=== Exercise aim ===
Nothing but the lines from the one showing "Виши Комплект Бальзам" through the final line of the data below belongs in the answer, duplicated exactly and without pictures.

(Records from a collection)
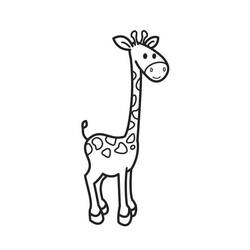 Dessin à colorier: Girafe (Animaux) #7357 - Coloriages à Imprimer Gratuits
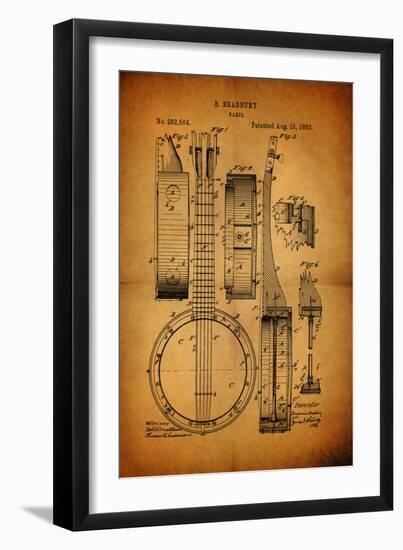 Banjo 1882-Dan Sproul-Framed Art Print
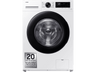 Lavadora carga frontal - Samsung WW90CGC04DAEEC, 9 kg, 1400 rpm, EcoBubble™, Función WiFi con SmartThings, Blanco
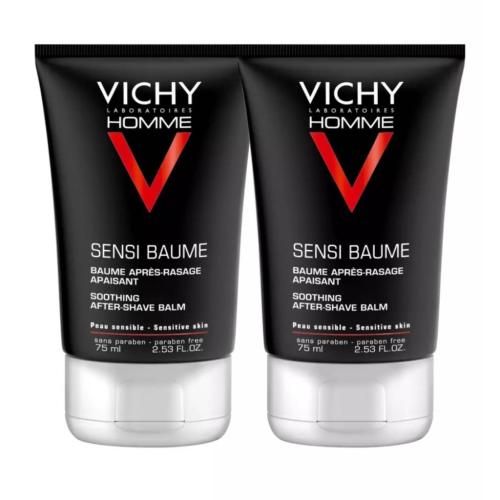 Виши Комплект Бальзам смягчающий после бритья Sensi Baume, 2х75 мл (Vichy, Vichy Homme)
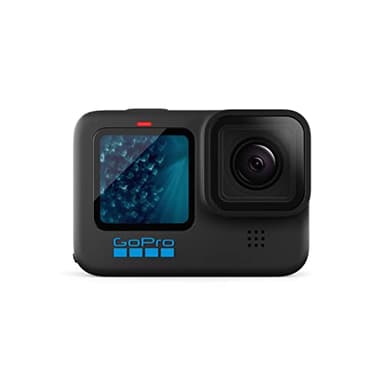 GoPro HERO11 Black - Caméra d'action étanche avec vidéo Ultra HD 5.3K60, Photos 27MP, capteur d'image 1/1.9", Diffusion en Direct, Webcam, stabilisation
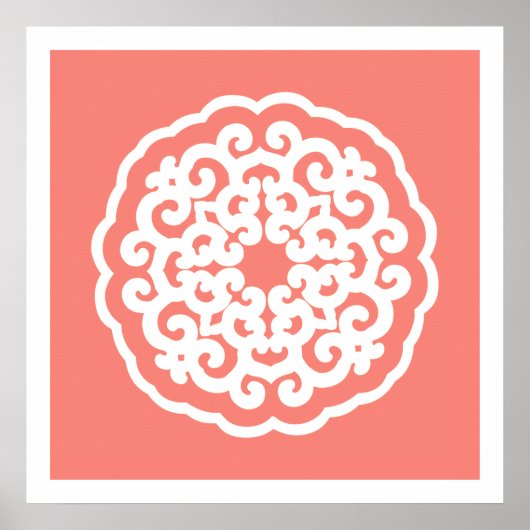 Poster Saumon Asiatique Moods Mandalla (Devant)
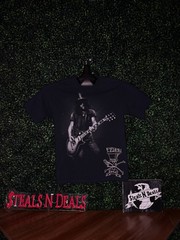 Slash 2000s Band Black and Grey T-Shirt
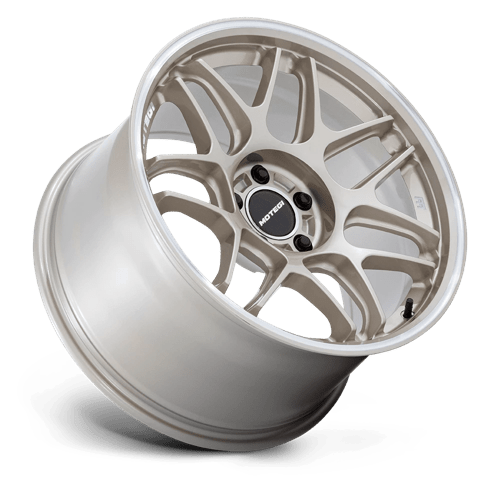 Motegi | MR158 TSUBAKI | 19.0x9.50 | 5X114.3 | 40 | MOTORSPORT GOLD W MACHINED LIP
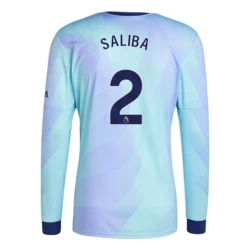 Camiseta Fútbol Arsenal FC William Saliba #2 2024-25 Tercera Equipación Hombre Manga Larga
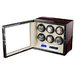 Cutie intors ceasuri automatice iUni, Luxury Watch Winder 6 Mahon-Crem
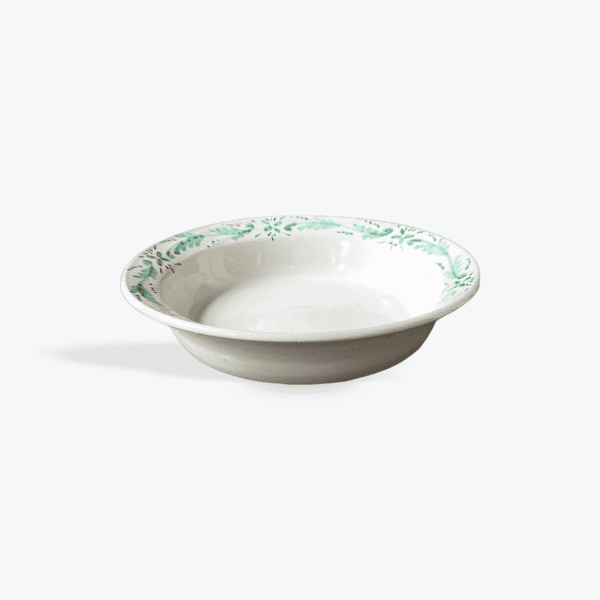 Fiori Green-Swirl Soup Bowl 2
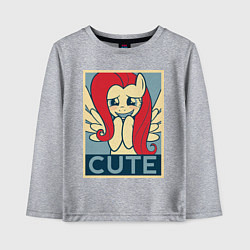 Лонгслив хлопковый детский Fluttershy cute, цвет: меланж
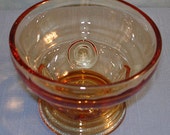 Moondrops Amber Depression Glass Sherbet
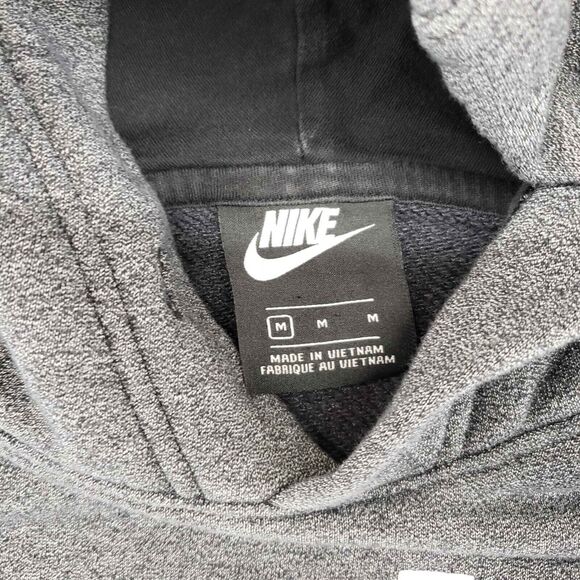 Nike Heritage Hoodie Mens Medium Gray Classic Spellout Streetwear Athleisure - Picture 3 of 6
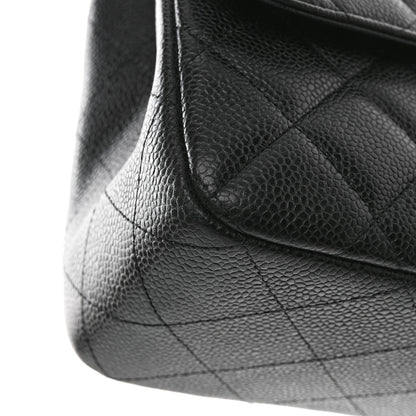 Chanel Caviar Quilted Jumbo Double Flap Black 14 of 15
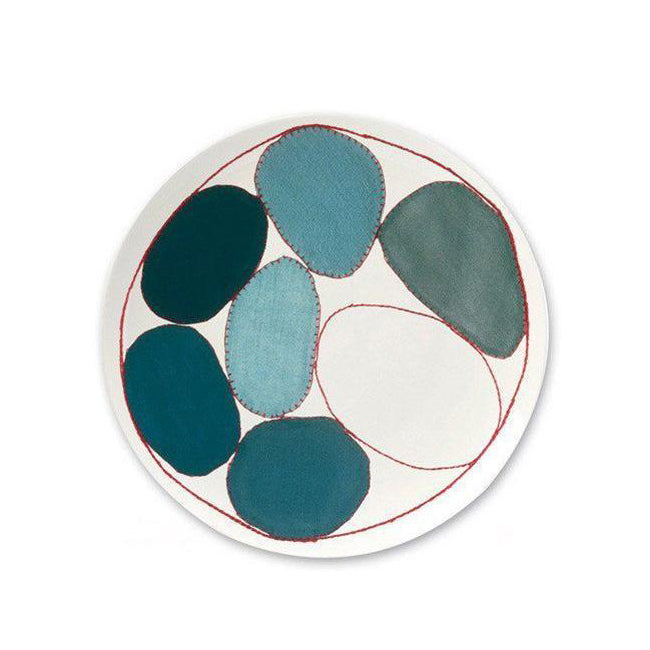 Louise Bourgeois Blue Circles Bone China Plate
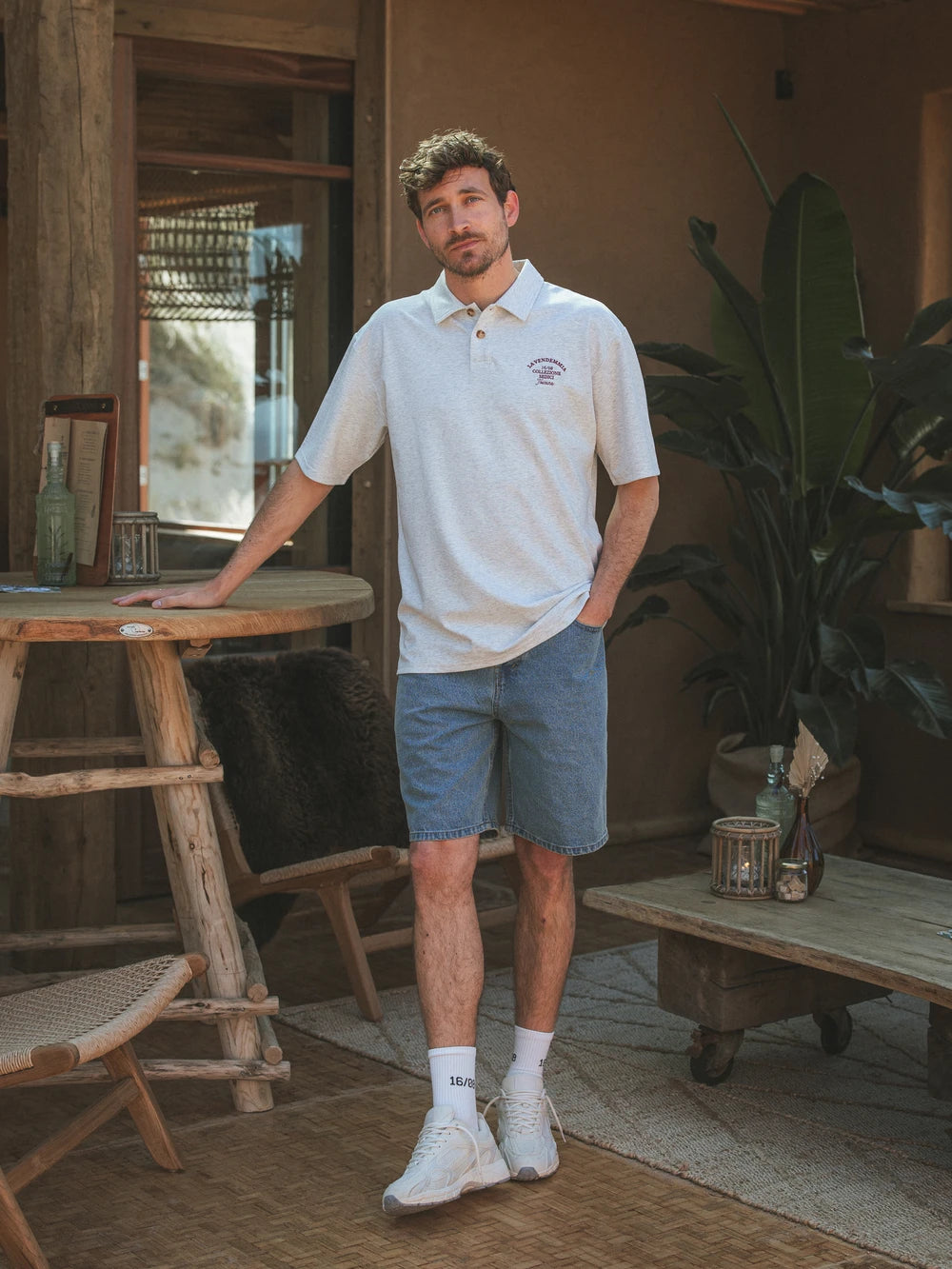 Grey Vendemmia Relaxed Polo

=== Your solution ===
 Виши Комплект Бальзам смягчающий после бритья Sensi Baume, 2х75 мл (Vichy, Vichy Homme)
 GoPro HERO11 Black - Caméra d'action étanche avec vidéo Ultra HD 5.3K60, Photos 27MP, capteur d'image 1/1.9", Diffusion en Direct, Webcam, stabilisation
 Poster Saumon Asiatique Moods Mandalla (Devant)
 Slash 2000s Band Black and Grey T-Shirt
 Motegi | MR158 TSUBAKI | 19.0x9.50 | 5X114.3 | 40 | MOTORSPORT GOLD W MACHINED LIP
 Camiseta Fútbol Arsenal FC William Saliba #2 2024-25 Tercera Equipación Hombre Manga Larga
 Cutie intors ceasuri automatice iUni, Luxury Watch Winder 6 Mahon-Crem
 Fiori Green-Swirl Soup Bowl 2
 Лонгслив хлопковый детский Fluttershy cute, цвет: меланж
 Moondrops Amber Depression Glass Sherbet
 Nike Heritage Hoodie Mens Medium Gray Classic Spellout Streetwear Athleisure - Picture 3 of 6
 Chanel Caviar Quilted Jumbo Double Flap Black 14 of 15
 Louise Bourgeois Blue Circles Bone China Plate
 Grey Vendemmia Relaxed Polo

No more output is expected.